The first order states that, as the Officer-in-Charge (OIC) of the Terrorist Investigation Division (TID) is conducting an investigation into the terrorist activities of the LTTE and that if the information gathered during this investigation is given to local or international persons there will be great damage to this investigation, and by so providing this information there is a possibility that acts of terrorism or conflicts among races or religions can take place.
Therefore the OIC of the TID has requested me to make such order for the persons named not to make any such statements. And the Magistrate has made the order accordingly.
In the second order, also made at the request of the OIC of the TID an order has been made to the effect to arrest and produce before court the above named persons if they come for the purpose of travel abroad without the permission of the court.
Copies of this order has been sent to the directors of Immigration and Emigration at international airports at Katunayake and Mattala, the director of the State Intelligence Service, and the director of the Criminal Investigation Department.
The Asian Human Rights Commission states that there was no reason in any way to connect these two human rights activists, who have merely done their duty to extend support to any victims or perceived victims of human rights abuses. In fact, the very mandate of a human rights defender is to provide assistance to anyone who is going through such circumstances. The United Nations Human Rights Council Resolution entitled, Protecting Human Rights Defenders, (April 12, 2013) among other things: /”Urges the States to acknowledge publically the important and legitimate role of human rights defenders in the promotion of human rights, democracy and rule of law as an essential component of ensuring their protection, including by respecting the independence of their organisations and by stigmatisation of their work”./ It was after the TID found them to be innocent of any unlawful activity that both of them were released. The international interventions and those by local agencies were made on the basis of the justification of their interventions as human rights activists.
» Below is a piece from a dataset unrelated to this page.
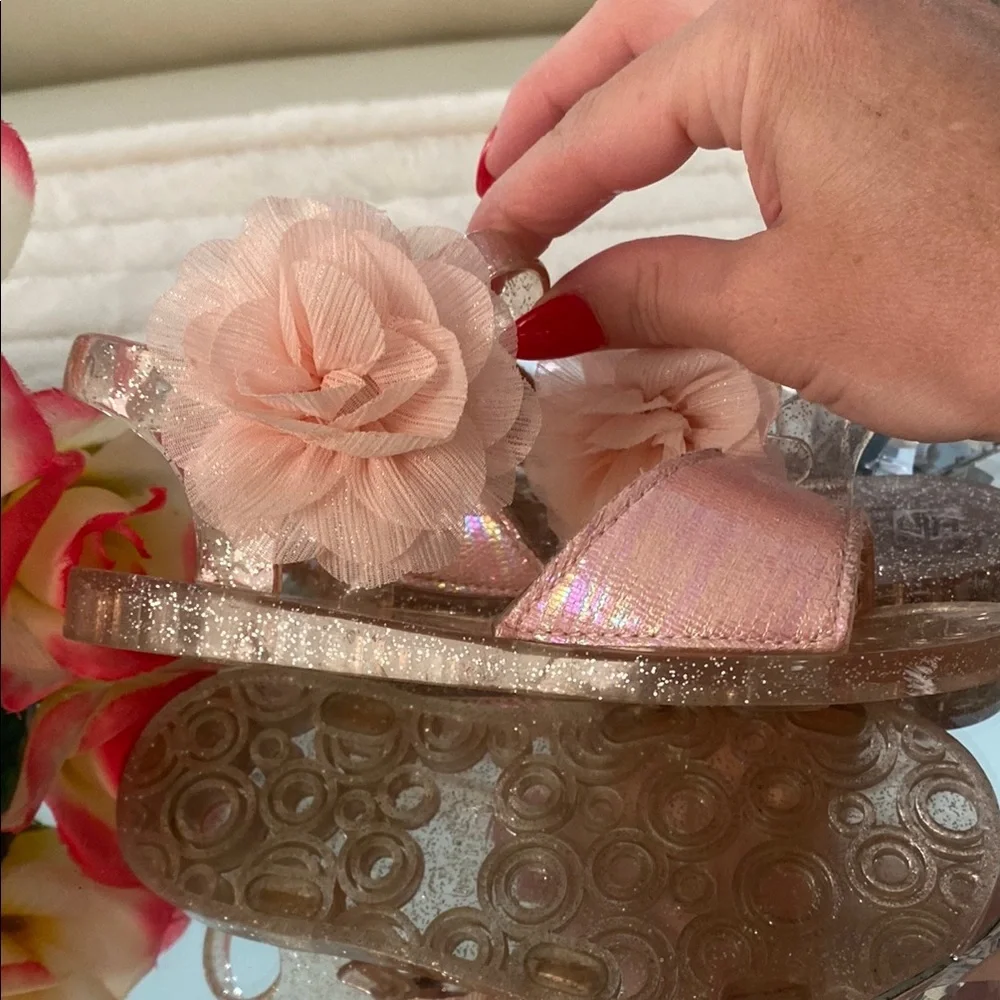 Glittery Jellies Pink Flower Sandals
The government responded positively to the massive protest and created the impression of having resolved the problem. The actions which are now being taken to restrict their freedom of speech and to travel have therefore no legitimate basis.
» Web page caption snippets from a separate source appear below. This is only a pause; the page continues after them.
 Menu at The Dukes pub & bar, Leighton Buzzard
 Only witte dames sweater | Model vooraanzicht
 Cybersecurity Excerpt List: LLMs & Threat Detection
Sri Lankan law protects the freedom of speech as well as the freedom for travel. Both of these rights are considered fundamental rights.
Merely tagging on an accusation of some connection to the LTTE without sufficient evidence in order to create the impression of some illegal activity is not becoming of a legitimate government. Unfortunately the long period of violence that prevailed in the country for several decades left room for such arrests without the strict criterion relating to the law. A situation arose when, by the mere signature of an official, the most terrible accusations can be made and these led to the issuing of orders which have enormous consequences.
The resort to such orders now endangers everyone. An officer without providing any reliable evidence to the court may make such requests by which the freedom of any person can be jeopardised.
This action on the part of the TID itself is one more justification for the resolution which is now before the Human Rights Council. When the domestic legal system is blatantly abused the only recourse that a citizen will have is to turn to the United Nations human rights agencies. So far, the belief that the domestic system may still be utilised creates the illusion that justice is still possible in Sri Lanka. However, when the powers of arrest, detention are abused and other severe restrictions of the freedom of speech and movement are being made in this manner it is glaring proof of the justification for the resolution which is to be debated this week in Geneva.